Hydrolysis of cellooligosaccharides and transglycosylation were analyzed by using a high-performance liquid chromatograph (model LC600; Shimadzu, Kyoto, Japan) linked to a refractometer (Waters, Milford, Mass.) in conjunction with a Hewlett-Packard model 3390A integrating recorder. The cellooligosaccharides used included cellobiose, cellotriose, cellotetrose, cellopentose, and cellohexose (V-Labs, Covington, La.). Purified CelB (0.14 μg) was mixed with cellobiose (5 mM), cellotriose (5 mM), cellotetrose (5 mM), cellopentose (2.2 mM), and cellohexose (3.35 mM) in total volumes of 150 μl, and the preparations were incubated at 85°C for up to 3 h. The products were analyzed by withdrawing aliquots after 5, 10, 60, and 180 min and injecting them onto a SugarPak 1 column (Waters) at 95°C; the oligosaccharides were eluted isocratically with distilled water at a flow rate of 0.5 ml/min.

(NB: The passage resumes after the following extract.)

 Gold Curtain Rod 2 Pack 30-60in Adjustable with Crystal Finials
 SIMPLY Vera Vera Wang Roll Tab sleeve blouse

Screening T. neapolitana genomic DNA library for glycosyl hydrolases.

All DNA manipulations were carried out by using standard methods (38). T. neapolitana genomic DNA was partially digested with MboI, and fragments (lengths, 2.3 to 7.7 kb) were ligated into BamHI-cut pUC 119 and were transformed into E. coli DH5α cells. The resulting library was screened in 96-well plates at 80°C by using 0.1 M PC buffer (pH 6.0) containing 1.8 mM (final concentration) methylumbelliferyl-β-d-cellobioside (MUC) and 1.8 mM (final concentration methylumbelliferyl-β-d-glucoside (MUG). Positive clones were detected by fluorescence of the methylumbelliferone released. The enzymatic activities of MUC- and MUG-positive clones were analyzed by using aryl glycosides, CMC, and xylan as described above.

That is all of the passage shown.